The Massachusetts Gaming Commission will receive a report from its Investigations and Enforcement Bureau Friday on its findings on accusations of sexual harassment by Steve Wynn and what company executives knew about it.
The report will be key to the commission’s decision on whether Las Vegas-based Wynn Resorts Ltd. can keep its Massachusetts gaming license.
The company is building the $2.6 billion Encore Boston Harbor resort in Everett, Massachusetts, near Boston, and plans to open it in June.
No date has been set for an adjudicatory hearing to determine the company’s suitability.
Steve Wynn has denied harassing anyone.
The report is expected to be heavily redacted because Steve Wynn filed a lawsuit against the commission, lead investigator Karen Wells and Wynn Resorts, alleging that materials within the report contained privileged attorney-client information.
The report isn’t expected to be released publicly until the adjudicatory hearing begins. It’s unclear when Wynn Resorts will get a copy of it.
“We appreciate the thoughtful approach the MGC has taken in their investigation and look forward to the next steps in the public process,” a Wynn Resorts spokesman said in an email late Thursday.
Efforts to contact representatives for Steve Wynn were unsuccessful.
The commission settled the lawsuit in Clark County District Court earlier this month and commissioners released 67 pages of documents late Thursday. The packet includes 31 pages of minutes from six closed-door commission executive sessions between Dec. 6 and Feb. 28; the 14-page settlement agreement; and Steve Wynn’s initial lawsuit filing that includes three completely redacted exhibits.
The settlement agreement references the Gibson Dunn Report — an internal report prepared for a special committee of the Wynn Resorts board of directors on sexual harassment complaints within the company. That report, prepared by the Los Angeles law firm of Gibson Dunn & Crutcher, was delivered to the board, which also distributed it to the commission as well as the Nevada Gaming Control Board. The report referenced materials involving other Wynn lawsuits as well as a complaint filed with the federal Equal Employment Opportunity Commission, which investigates harassment claims.
Under the settlement terms, Wynn Resorts agreed not to use or further disseminate the Gibson Dunn Report.
Commissioners also began receiving a list of new board members and executives that will be scrutinized when the commission considers the company’s suitability for licensing.
Wynn board remade
In the past year, the company separated itself from Steve Wynn without paying any severance; remade the company’s board of directors with nearly 50 percent women; and recruited three new executives, all of them women.
Massachusetts Gaming Commission Chairwoman Cathy Judd-Stein explained the release of minutes and future steps.
“As you will see documented in the minutes, gaming commissioners sought an assessment from IEB investigators about the quantity and quality of investigative material available to the commission under the terms of the resolution,” Judd-Stein said in a statement during Thursday’s commission meeting.

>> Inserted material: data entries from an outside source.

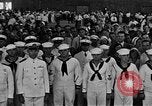 Standbild USA Akron Luftschiff Akron Ohio USA, 1931, aus Sekunde 35 historischem Filmmaterial Videoclip 65675042202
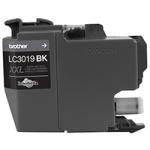 Cartucho BROTHER LC3019BK Negro Brother  (LC3019BK)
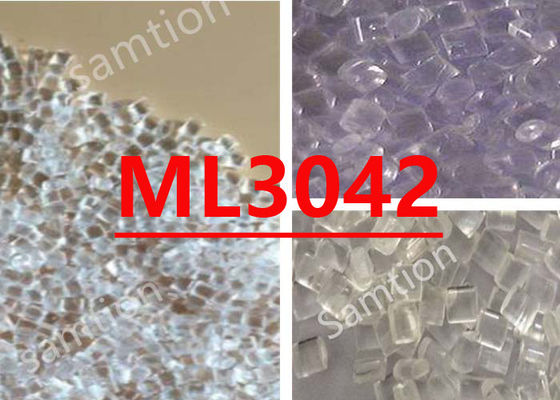 S-Plastic  ML3042 offre une transparence lumineuse extrêmement faible en combinaison avec un très haut reflet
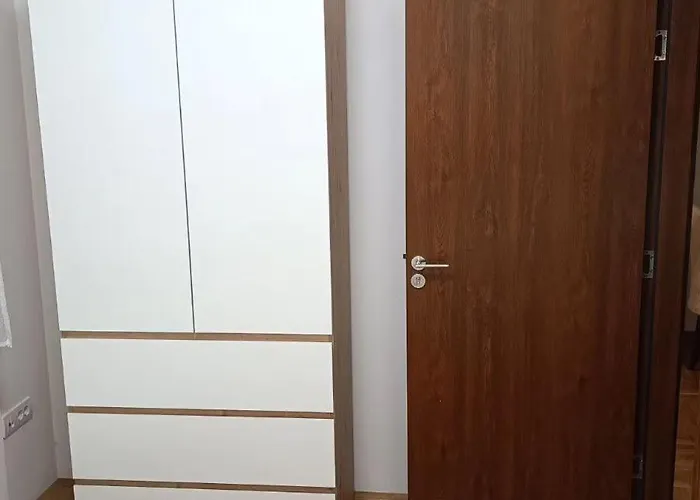 Daire Zapadni Kej M&m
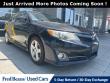 Used 2012 Toyota Camry SE Sedan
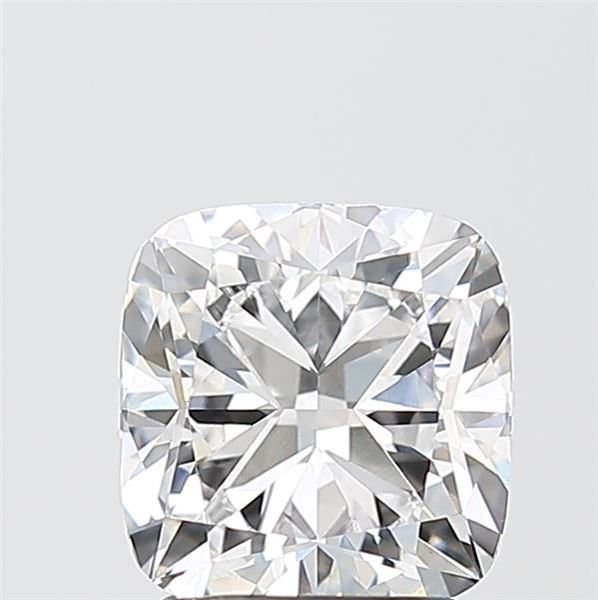 Lab Grown Diamond 2,04Ct E-VVS2 Cushion - IGILG818677168 1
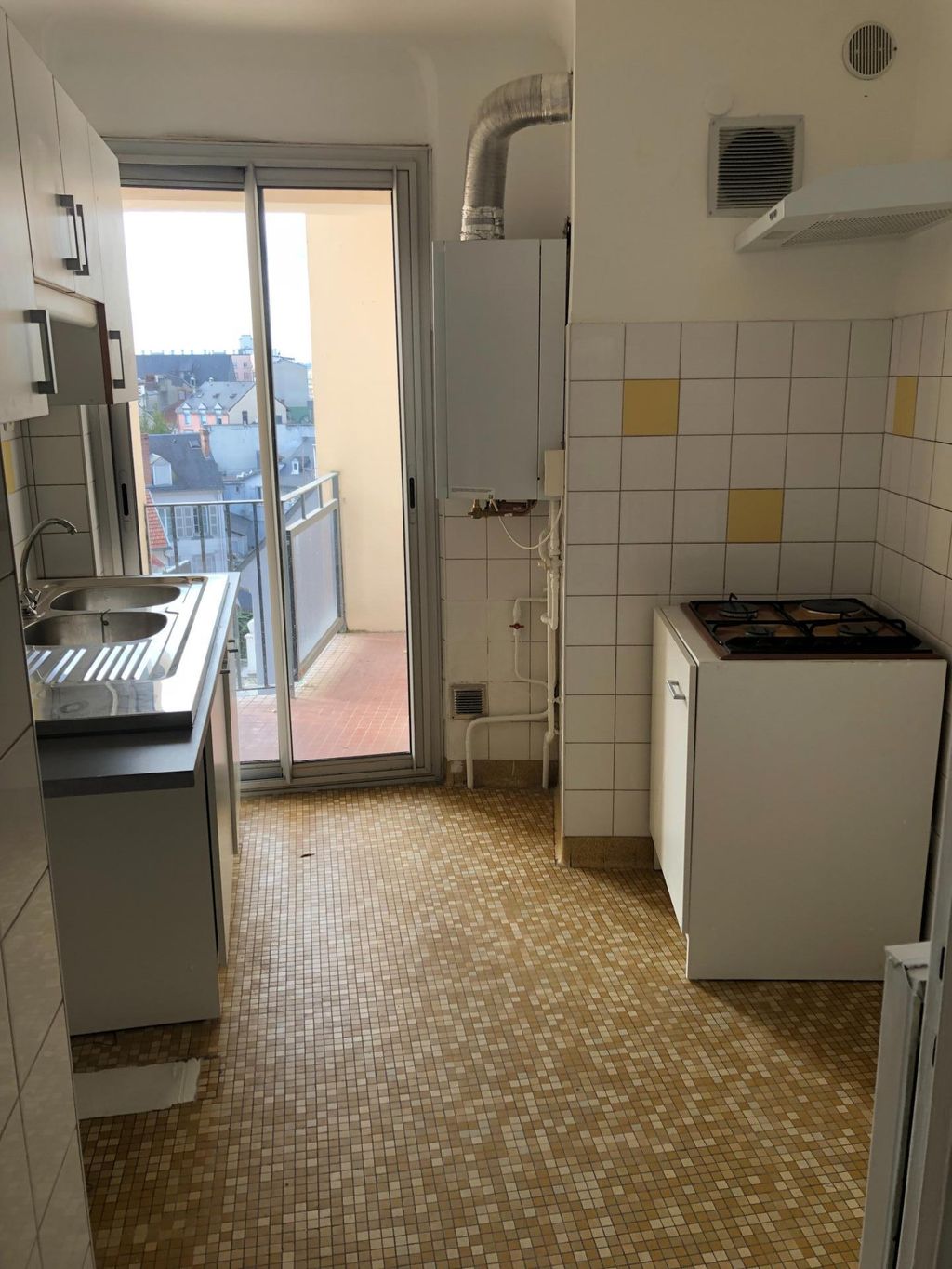 Achat appartement 4 pièce(s) Tarbes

“Commissioners also required assurance from investigators that the resolution would guarantee access to all of the substantive information necessary to make a fully informed decision about the suitability of Wynn Resorts,” she said. “Additionally, meeting minutes note that the commissioners engaged in extensive discussions with legal counsel and thoroughly explored all litigation options.”
Judd-Stein said the decision to execute a resolution accomplished two goals: It ensured commissioners access to critical investigative information and eliminated the uncertainty of prolonged litigation.
Wynn Resorts’ future date with the Massachusetts Gaming Commission will be the second hearing involving accusations against Steve Wynn, first reported in January 2018. He resigned as chairman and CEO of the company about a week later and the company has distanced itself from him.
Last month, the Nevada Gaming Commission fined Wynn Resorts a record $20 million for violating Nevada laws and regulations as a result of the allegations that Steve Wynn harassed at least eight female employees over several decades.